I don't know David Ignatius from Adam, but his latest column highlights the problem with conventional thinking among old-line conservatives and liberals. He states in the first sentence of his piece, Bush's Misplaced Gambler's Instinct:
It was axiomatic during the Cold War that presidents should not gamble with matters of national security. The stakes were too high. The Bush administration's Iraq policy has long suffered from a lack of that prudence -- and the misplaced gambler's instinct is especially evident now in the administration's plan to send more troops to Baghdad.
The problem with beginning any analysis with a reference to Cold War strategic thinking is the fact that the Cold War has been over for nearly fifteen years. The Soviet Union collapsed from 1989 through 1991 and strategies based upon a bipolar geopolitical regime are irrelevant to today's world. It is time for people to get their head out of the past and understand that we face a very different situation than we did during the Cold War.
Mr. Ignatius says:
The lesson of the Cold War was to be tough -- but also to be careful.

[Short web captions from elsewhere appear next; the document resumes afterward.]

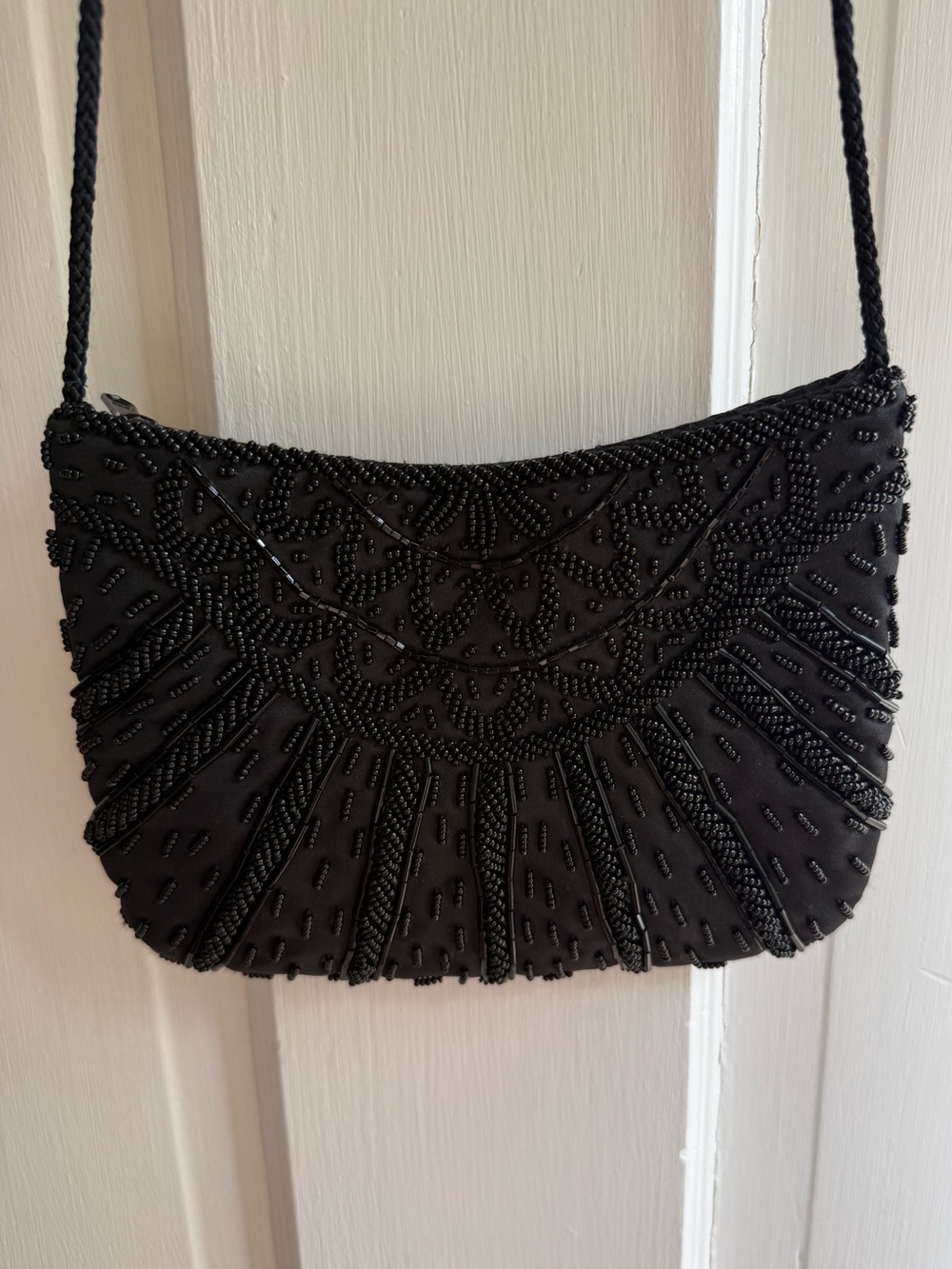 Vintage Black Beaded Evening Clutch with Braided Strap
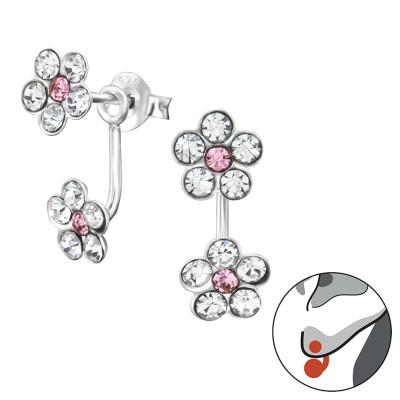 Silver Flowers Ear Jacket with Crystal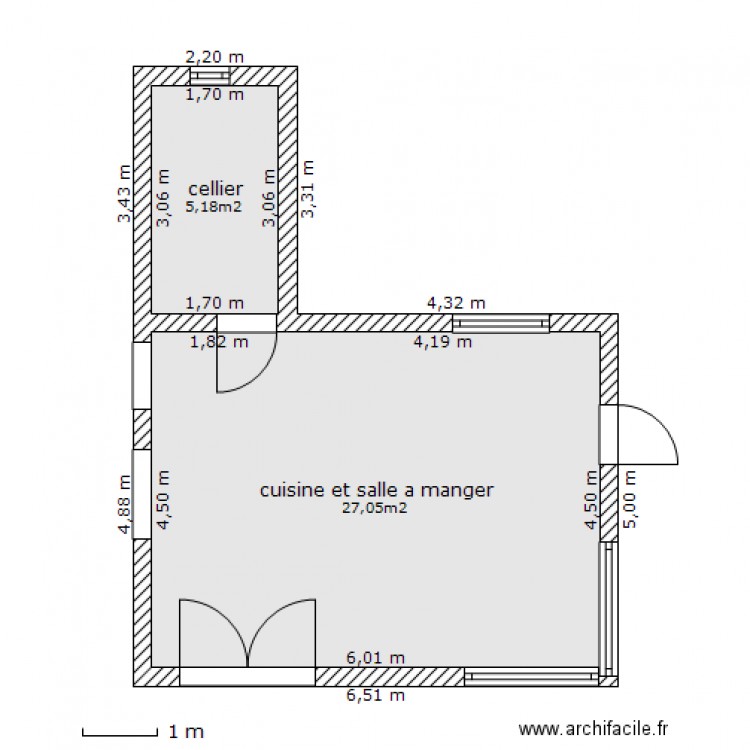 extension cabanon. Plan de 0 pièce et 0 m2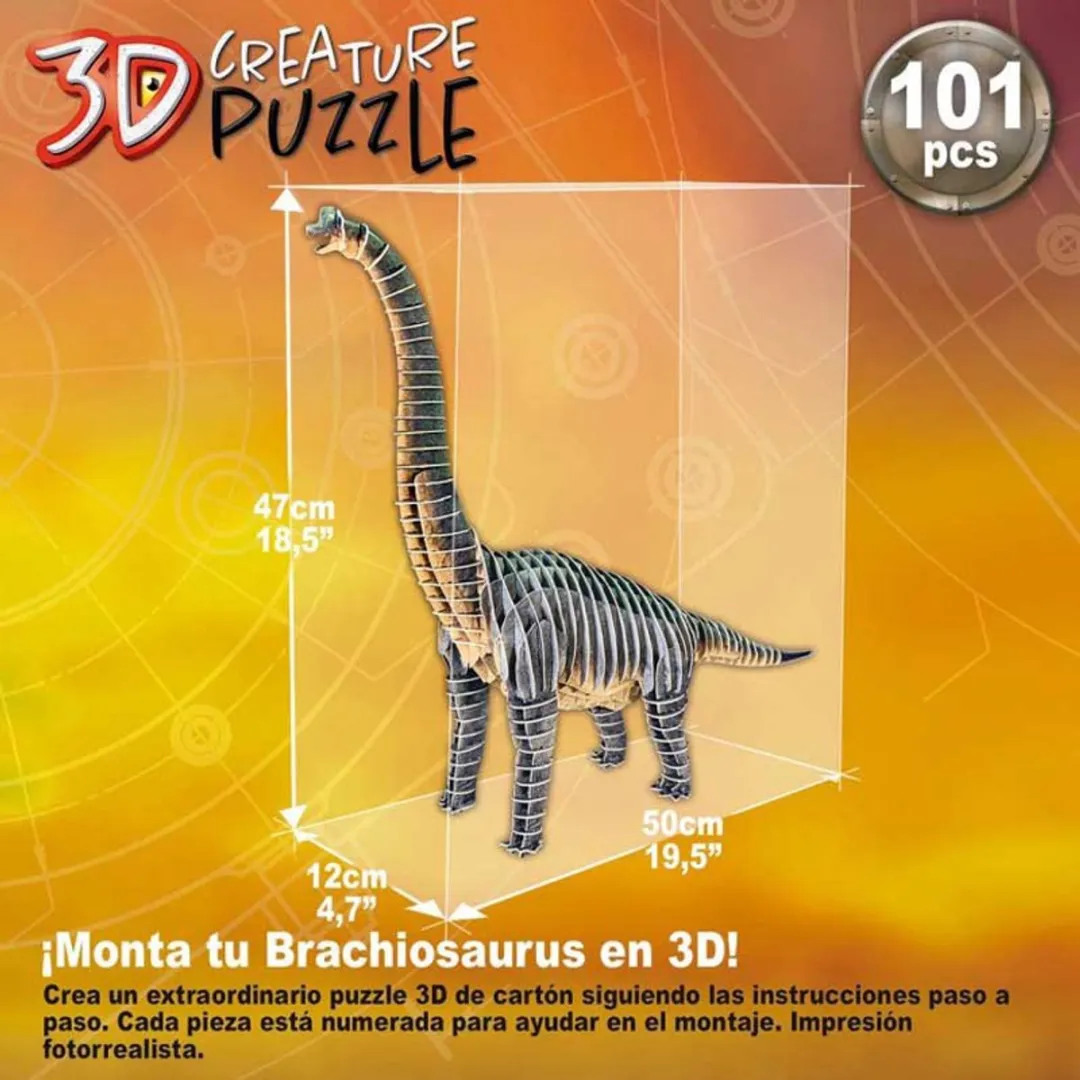 Educa 3D Brachiosaurus Puzzel - 3 Stuks - ED19383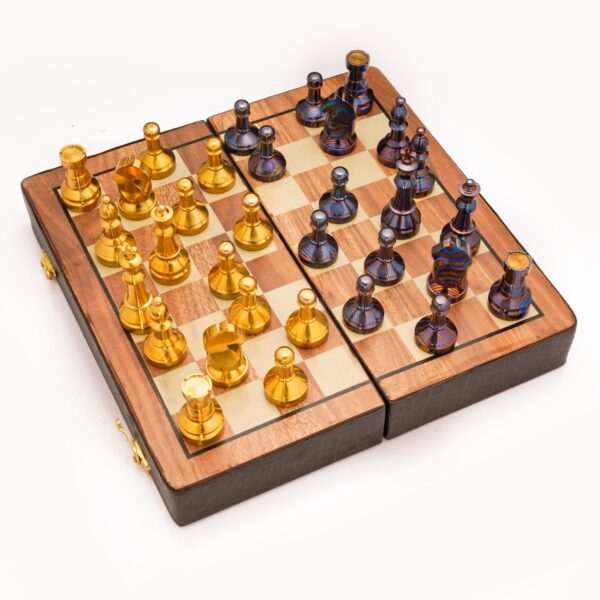 Magnetic Chess Set 32pcs Timascus & TC4 Titanium with Complimentary Magnetic Board (Standard Size)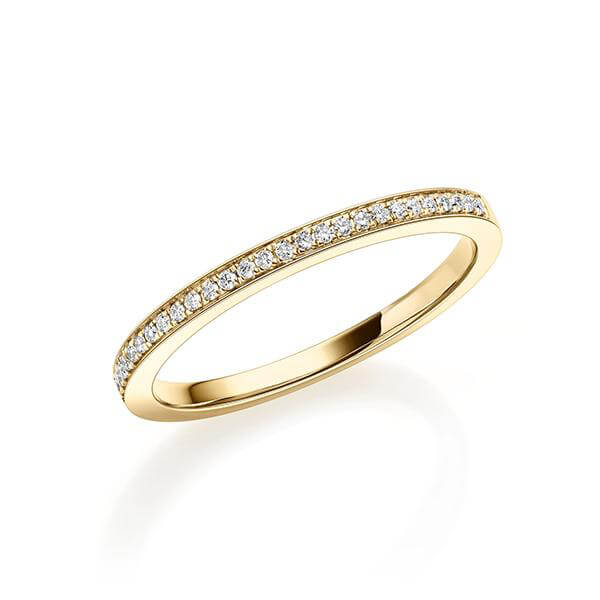 Memoire/Vorsteckring Gelbgold 750/- zus. 0,090 ct, tw, vs - RU-1597-2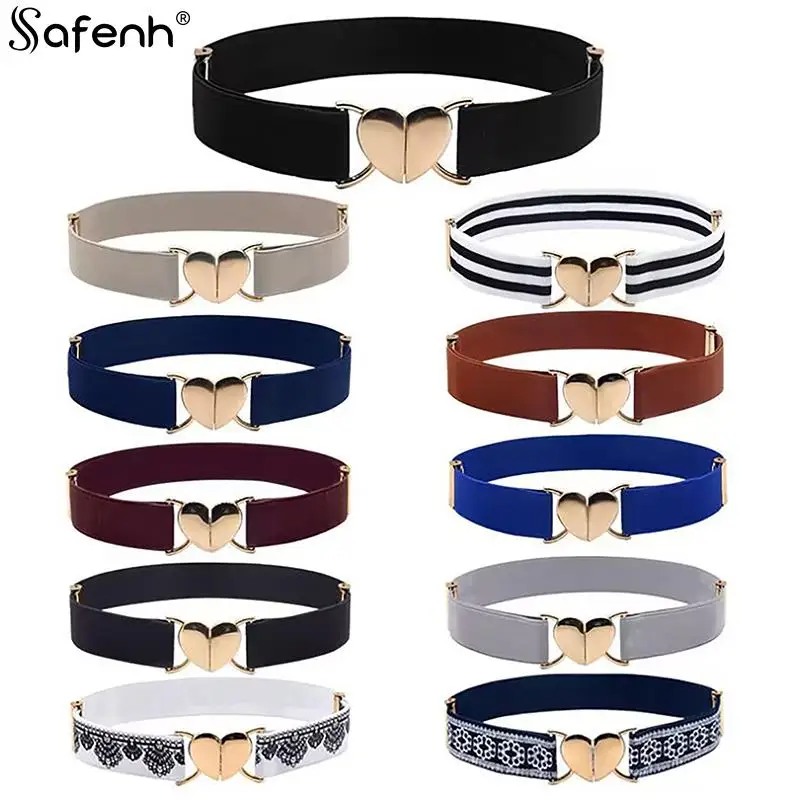 

1PCS Belt Women Elastic Canvas Belts Girls Multicolor Adjustable Elastic Waist Belts With Heart Shape Buckle Uniform Decorations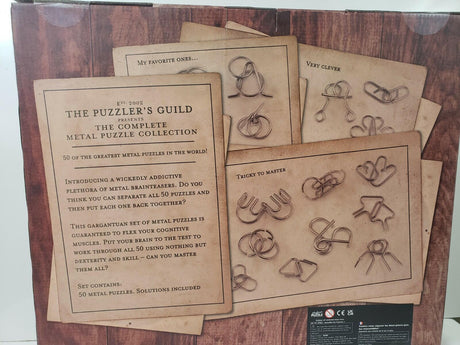 Puzzler’s Guild Presents Metal Puzzle Collection 50 Of Greatest Brainteasers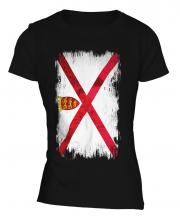 Jersey Grunge Flag Ladies T-Shirt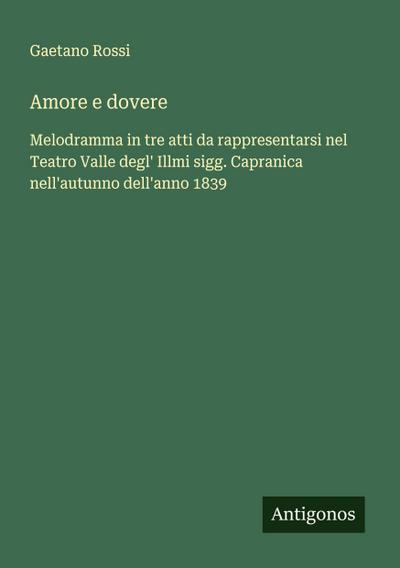Amore e dovere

That line of thinking is fine if we just want to contain threats to globalizations and freedom. As 9/11 showed, containment is no longer an appropriate response to threats to our existence. When the Soviet Union was still around, containment in Eastern Europe and the Middle East worked relatively well. We did not have the means or the will to take on a relatively co-equal enemy and the Soviet Union also did not have the means or the will to attack us directly.
The terrorists, who hole up in breeding grounds like Iraq and Afghanistan, have no such reservations. They will attack us without consideration of the costs because, unlike the standoff with the Soviet Union, the costs to the terrorists are infinitely smaller. If the Soviet Union had directly attacked us during the Cold War, they would have put their very existence at risk through nuclear annihilation. The terrorists have no such risk or don't care.
Enough with the Cold War analogies. There is no comparison between the standoff with the Soviet Union and the need to eliminate the terrorist threat by strengthening peace and democracy in the Middle East and beyond. Regardless of whether America has so far failed to win the peace by introducing enough reconstruction personnel, its global strategy of seeking to change the dynamic in the third world is the correct one. It is time for the Cold Warriors to either go away or adapt to the new global security situation.